Click Share, then in the recipient field type the group name (e.g. ‘Marketing Team’). Microsoft 365 groups, security groups, and distribution lists all work. Set permission (View or Edit) and send. Everyone in the group gets access — and as members join or leave the group, their access auto-adjusts. No per-person management.
What’s the difference between sharing with a group vs individuals in SharePoint?
Group sharing follows membership — add someone to the group, they get the file access; remove them, they lose it. Individual sharing is per-person and persists regardless of role changes. Group sharing is the right default for ongoing team access; individual sharing is for one-off targeted access.
Why isn’t my SharePoint group sharing working?
Two common causes: the group is a distribution list (which is just an email alias and has no SharePoint identity — change to a Microsoft 365 group or security group); or the group is mail-enabled but not security-enabled (some older groups can’t be used as SharePoint permission principals).
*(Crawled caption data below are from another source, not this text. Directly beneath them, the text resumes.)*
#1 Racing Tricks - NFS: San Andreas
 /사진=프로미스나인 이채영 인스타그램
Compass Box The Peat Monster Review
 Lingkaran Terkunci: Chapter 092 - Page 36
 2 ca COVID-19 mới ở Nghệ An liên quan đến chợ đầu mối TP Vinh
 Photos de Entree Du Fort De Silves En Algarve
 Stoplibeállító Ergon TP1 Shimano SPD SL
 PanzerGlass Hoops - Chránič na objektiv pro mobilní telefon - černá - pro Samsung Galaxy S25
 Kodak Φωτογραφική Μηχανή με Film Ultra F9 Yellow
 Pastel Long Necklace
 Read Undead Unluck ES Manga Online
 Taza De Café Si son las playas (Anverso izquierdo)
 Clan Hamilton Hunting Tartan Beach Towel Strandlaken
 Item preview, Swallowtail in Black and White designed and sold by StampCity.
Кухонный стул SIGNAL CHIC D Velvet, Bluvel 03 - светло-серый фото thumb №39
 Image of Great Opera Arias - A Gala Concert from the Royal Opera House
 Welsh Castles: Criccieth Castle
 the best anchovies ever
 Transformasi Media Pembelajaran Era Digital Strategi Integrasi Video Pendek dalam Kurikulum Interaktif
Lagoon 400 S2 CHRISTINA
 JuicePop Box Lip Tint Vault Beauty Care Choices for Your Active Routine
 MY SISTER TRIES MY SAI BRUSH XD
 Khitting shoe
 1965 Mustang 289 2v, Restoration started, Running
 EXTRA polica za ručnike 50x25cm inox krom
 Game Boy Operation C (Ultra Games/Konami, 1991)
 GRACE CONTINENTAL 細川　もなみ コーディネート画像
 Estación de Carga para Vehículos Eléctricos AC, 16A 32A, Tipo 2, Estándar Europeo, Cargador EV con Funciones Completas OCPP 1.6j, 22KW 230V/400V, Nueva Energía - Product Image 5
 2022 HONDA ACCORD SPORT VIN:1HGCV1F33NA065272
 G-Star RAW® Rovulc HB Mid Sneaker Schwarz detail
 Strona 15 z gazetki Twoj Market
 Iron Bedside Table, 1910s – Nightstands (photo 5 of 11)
Check group type in Exchange admin.
Should I use Microsoft 365 groups or security groups in SharePoint?
Microsoft 365 groups for team-style sharing where the group has its own Teams, calendar, and SharePoint site. Security groups for permission-only purposes (e.g. ‘IT Admins’) where you don’t need a collaboration space. SharePoint accepts both. The choice usually depends on whether the group needs collaboration features beyond access control.